A couple years ago, I was looking for an RPG where I could be part of an MMO group — but without actually having to be playing an MMO. See, what I wanted was EverQuest — but without the other players. I could just go to the tavern or a guild and strike up a conversation and recruit my party members that way. If I found someone along the way I thought would be a good fit, then they might join, too. And if I decided to get alt-itis and change my class, everyone would be okay with it and someone else could tank or heal while I had all the fun.
Turned out this game existed, it was called Dragon’s Dogma, and I could do all those things. I thoroughly enjoyed it.
Dragon’s Dogma II is more of the same.
In both Dragon’s Dogma I and II, you play an Arisen — someone who has had their heart torn out and eaten by a dragon, meaning your life is now bound to the dragon’s life, and you have gained certain powers. Chief among those powers is the power to summon pawns. Pawns are helpful beings who come from another world and are sent here to, well, help people. Pawns are used as slaves by cruel people, but are willing to join you on your adventures.
At game start, you design your own character, but you also design your main pawn. You and your pawn will be together through the entire game. When you aren’t actively playing the game, if you allow it, your pawn can be hired by another actual player. While in their game, they may learn the locations of dungeons, treasures, notable monsters and quest steps that they can bring back to you. And when you hire new pawns for your group, they might also be other player’s main pawns, and they can bring you to locations they have seen in their player’s game.

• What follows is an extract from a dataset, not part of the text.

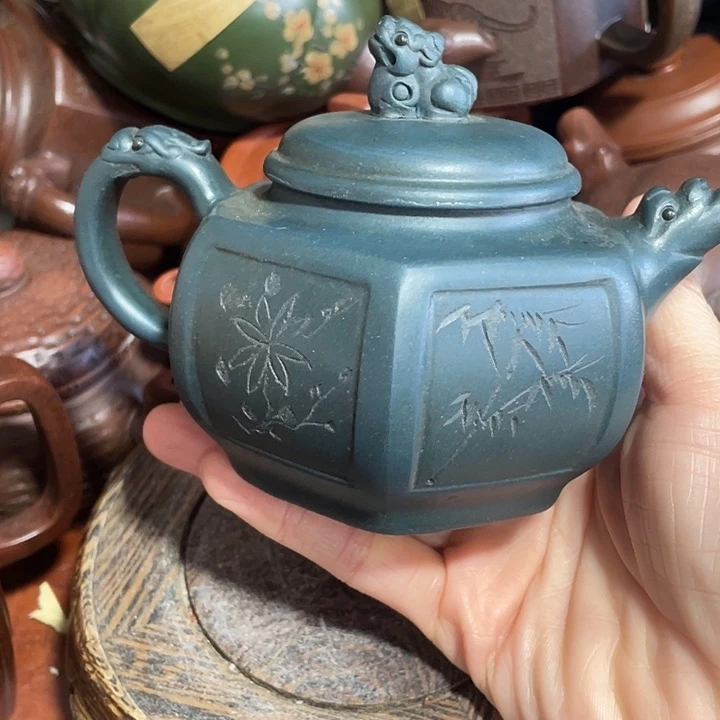紫砂茶壶原矿泥料，手工制作的一把紫砂壶。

These pawns are incurable gossips, and will chattily set loose on the things their other players have done or how long they’ve been kept in the team and so on, making me feel a little curious what they will tell their next adventurer partner about me. So I try to treat them well.
Dragon’s Dogma II, like I, doesn’t have a strong plot. There is a plot, but it doesn’t get in the way of the adventuring unless you want it to. That was how I played the first game, as well. I spent a good amount of time adventuring and exploring and finding out what class I wanted to play (you and your main pawn can change classes freely) before I decided I was ready to embark on the main plot and finish the game.

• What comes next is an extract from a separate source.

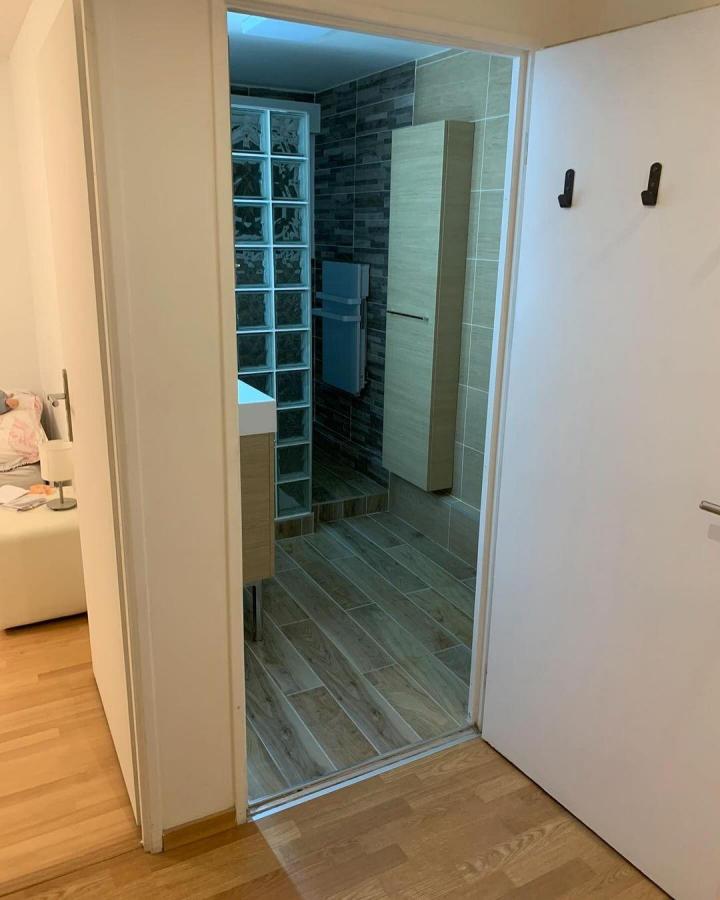 Revêtement de sol et mur Près de Versailles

DD1 was a game of massive monsters, fights against overwhelming odds, and startlingly memorable locations. I have barely started DD2 and already stumbled into a dragon. (No, it did not go well). We run when we see a griffon in the sky. We track and clear goblin camps. And I hired, for awhile, a thief — Arcanto — who demanded I follow her all over the map so she could show me things. Which usually turned out to be ambushes. When, scratched, scarred, bleeding and battled, we staggered out of the other side, she’d turn and point to a chest against a broken stone wall and demand praise for bringing us to such staggering wealth.
An apple.
My current pawns are a little less excitable, but I can go into the Riftstone portal, if I want, and look her up and see how she’s doing — maybe invite her back. She sure did seem to know where things were.